9 questions to ask for data veracity assessment

There are different takes on what veracity refers to. The overall consensus is that data veracity reflects the truthfulness of a data set and your level of confidence or trust in it. I’ll take this a step further and say that data veracity is your level of confidence/ trust in the data based on its provenance as well as the data processing method.

Think about this: when you get a box of chocolate which you haven’t tried before, how do you estimate how good it is? The first step is to look where it was made, by what shop or brand. You can mainly assess its quality by its provenance. As a second step, you probably also want to ensure that after you open the box, you won’t taint the chocolates somehow before you taste them.

Data veracity helps us better understand the risks associated with analysis and business decisions based on a particular big data set.

Looking at a data example, imagine you want to enrich your sales prospect information with employment data — where those customers work and what their job titles are. Not only this can provide you with additional contact data, but it can also help you create different market segments and do a better job of serving them.

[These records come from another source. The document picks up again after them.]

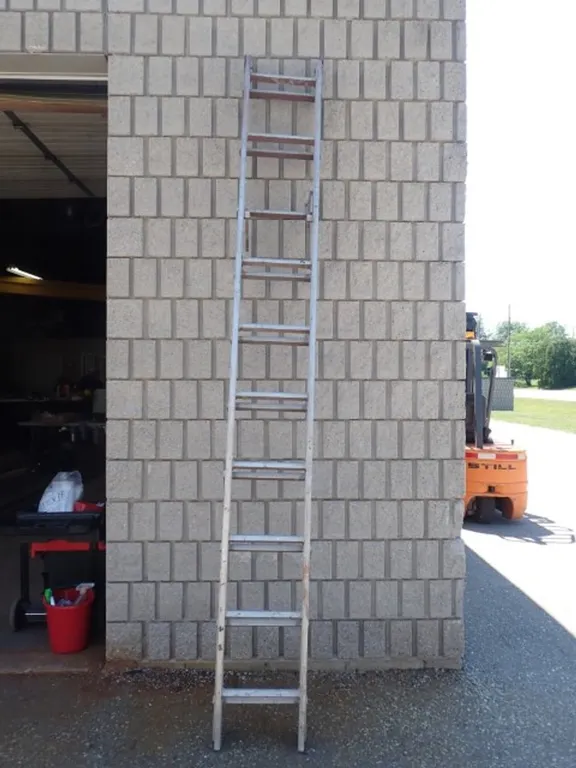 Aluminum Extension Ladder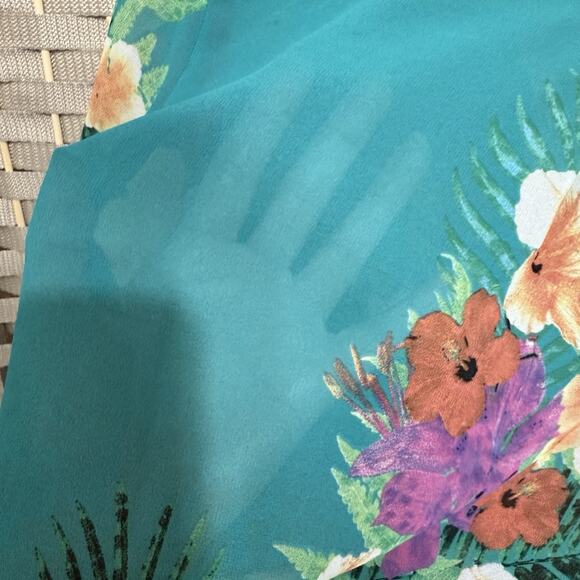 Soft Surroundings Georgette Tunic Top Size L Green Animal Print Roll Tab Sleeves - Picture 7 of 10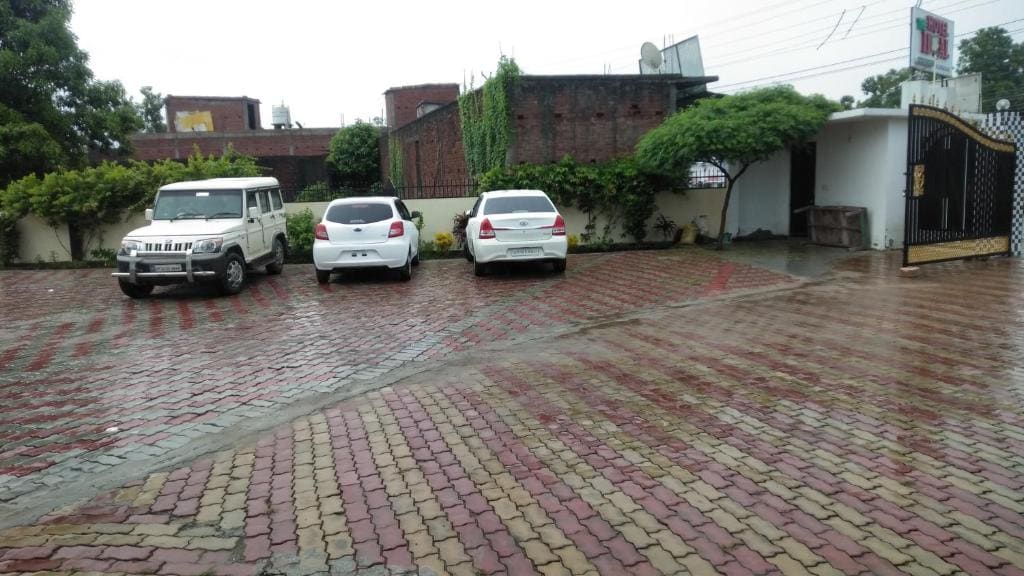 Deluxe Double or Twin Room room - Image 2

LinkedIn collects lots of employment data, but unfortunately you can’t purchase it from them. So what can you do? You might go to another third-party provider of who claims to scrape LinkedIn data from search engine results (a legally grey area in my opinion, at least at the time this article is written; I’m not a legal expert so let’s just treat this as a theoretical example). Therefore, you might consider purchasing this LinkedIn employment data, but how do you gauge its veracity?

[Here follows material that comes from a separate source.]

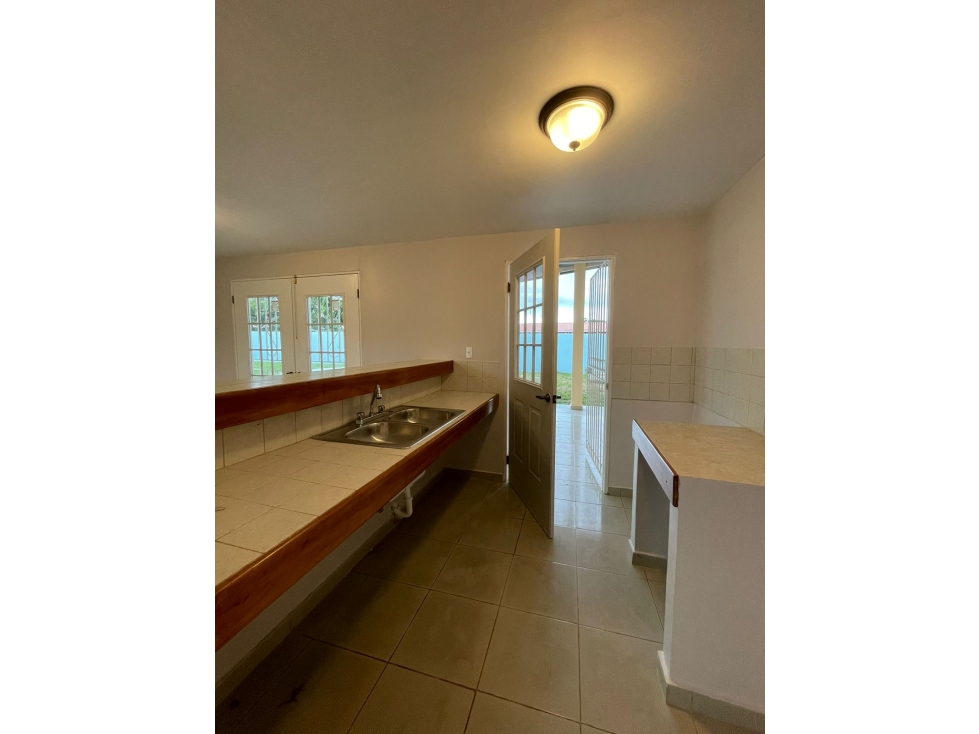 Propiedad con dos casas y una piscina en Antón. Casas en Antón - 4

Well, here are the 9 questions to ask the data provider to help you better assess the data veracity:

Who created the original data source?
Who contributed to the data source?
When was the data collected?
Was the original data source enriched in any way?
What methodology did they follow in collecting the data?
What algorithm did they use to match records and what are the matching confidence levels?
Were only certain industries or locations included in the data source?
Has the information been edited or modified in any way?
Did the creators summarize the information?

After answering all these questions you will also need to understand how, where, and when you will integrate this data with your own. What are the definitions, extract, transform, and load (ETL) procedures, and business rules which you will follow?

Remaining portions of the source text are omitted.